Tahun 1482, kekuasaan Sunda dan Galuh disatukan lagi oleh Jayadéwata, yang bergelar Sri Baduga Maharaja. Sibaduga ini disebut-sebut sebagai Raja yang bergelar Prabu Siliwangi.

Nama “Pajajaran” sebelum abad ke-15 tak pernah tertulis dalam sumber sejarah mana pun. Sumber-sumber seperti Pararaton dan Nagarakretagama menyebutnya sebagai Kerajaan “Sunda” yang merupakan negara merdeka di Jawa bagian barat.

Begitu pula Prasasti Cibadak dan Kawali “masih” menyebut Kerajaan Sunda. Baru pada abad ke-16 dan seterusnya nama Pajajaran tertulis dalam beberapa prasasti dan naskah-naskah seperti Carita Parahyangan yang disusun tahun 1580.

Nama Pajajaran makin terabadikan melalui pantun-pantun Sunda serta babad-babad yang ditulis beberapa abad kemudian di mana eksistensi politik Pajajaran tinggal nama.

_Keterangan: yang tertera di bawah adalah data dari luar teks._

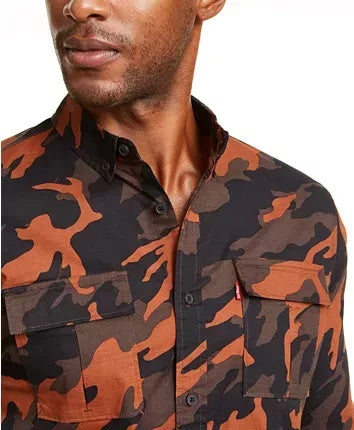 Levi's Men's Newski Camouflage Shirt Orange/Grey Size Large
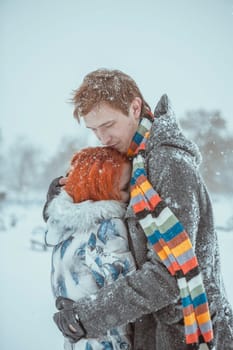 Happy Young Couple in Winter Park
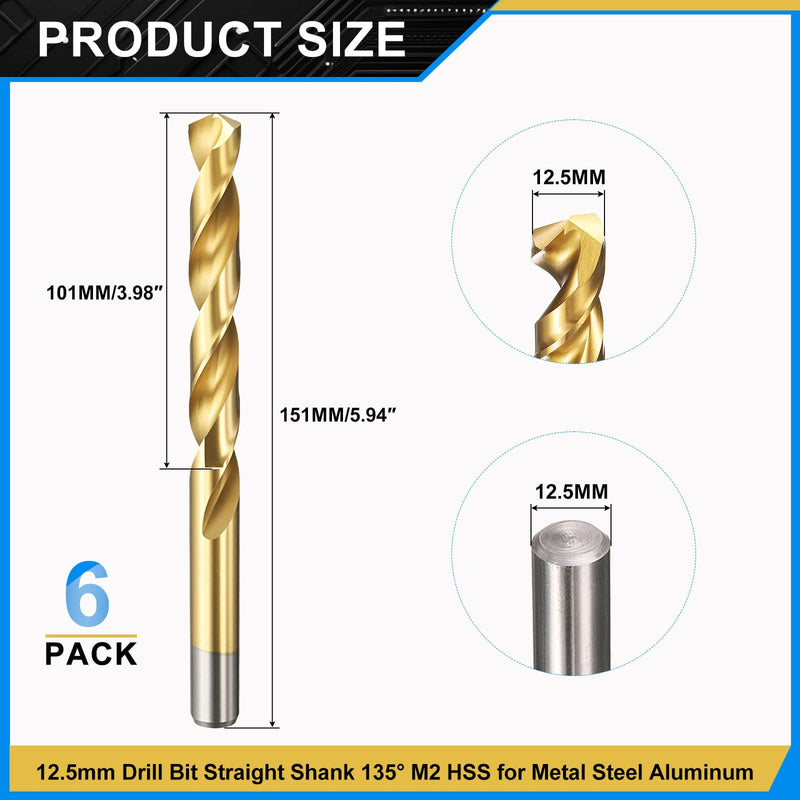 PATIKIL 12.5mm Drill Bit, Jobber Straight Shank M2 High-Speed Steel 135° Titanium Nitride TiN Coated for Stainless Steel Hard Metal - 6 Pack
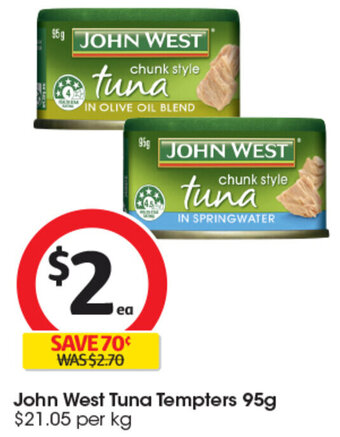 Coles John West Tuna Tempters 95g offer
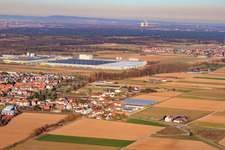 Oblique view of Industrial area Interpark from the southwest in winter in Offenbach an der Queich in the state Rhineland-Palatinate, Germany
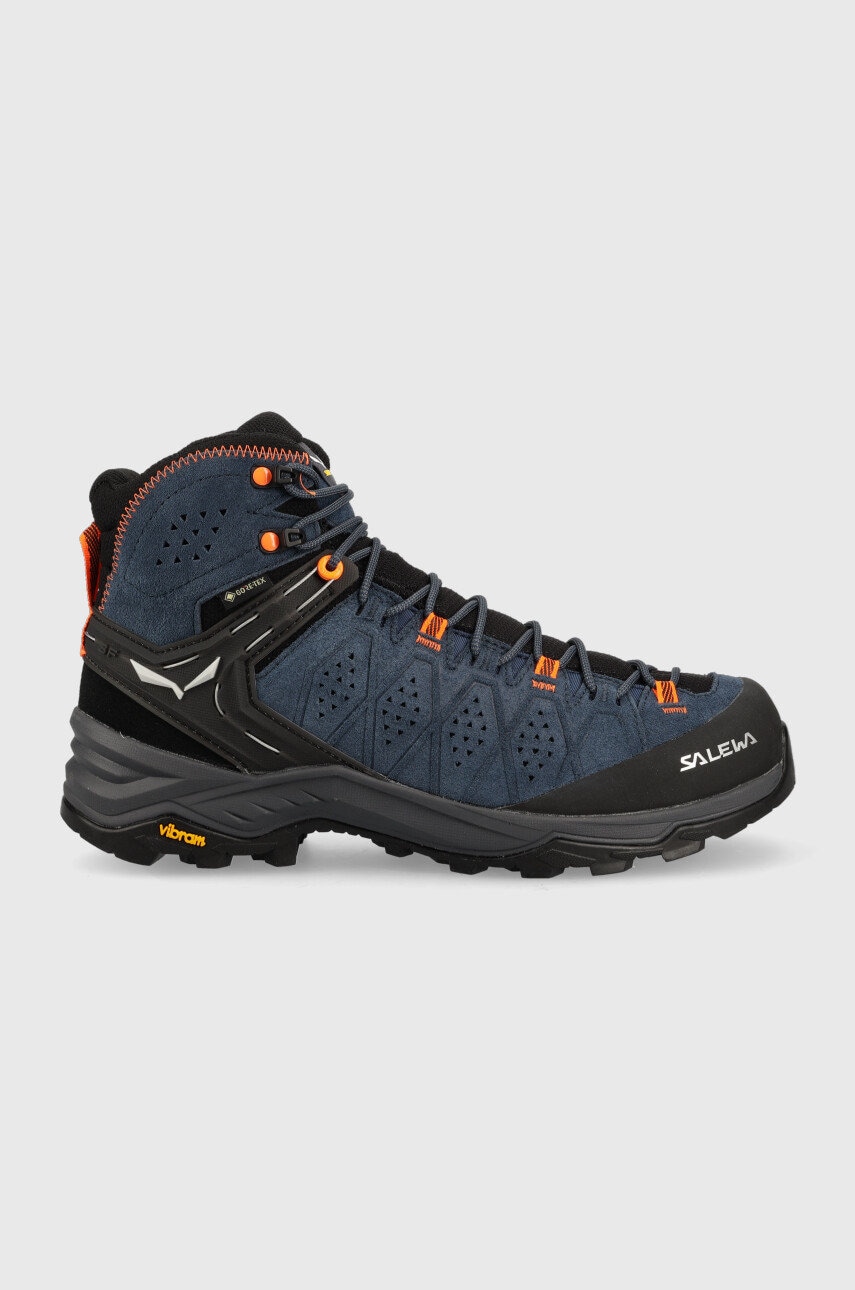 Salewa pantofi Alp Trainer 2 Mid GTX barbati, culoarea albastru marin, izolat Salewa pantofi Alp Trainer 2 Mid GTX barbati, culoarea albastru marin, izolat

Wilayah Kerajaan Pajajaran

Sebelum memaparkan tentang wilayah Kerajaan Pajajaran. Kita memerlukan penyamaan persepsi terlebih dahulu. Kerajaan Pajajaran adalah Gabungan Kerajaan Galuh dan Kerajaan Sunda. Sunda dalam pengertian nama sebuah kerajan dan bukan sebutan bagi etnis Sunda di zaman modern ini. Artinya, apa yang disebut Jawa adalah selain Jawa bagian Barat, sementara Sunda adalah Jawa bagian Barat. Ini penting, karena kerajaan Pajajaran (Sunda-Galuh) tidak identik dengan nama satu etnis tertentu saja yaitu Sunda. Selain itu nanti kita dapat menentukan batas wilayahnya dengan teapat tanpa 'prasangka'. Ukuran terhadap "yang lama" tidak dapat menggunakan "ukuran baru". Batas teritorial dalam konsep wilayah "Kemandalaan" berbeda dengan sisten negara atau state.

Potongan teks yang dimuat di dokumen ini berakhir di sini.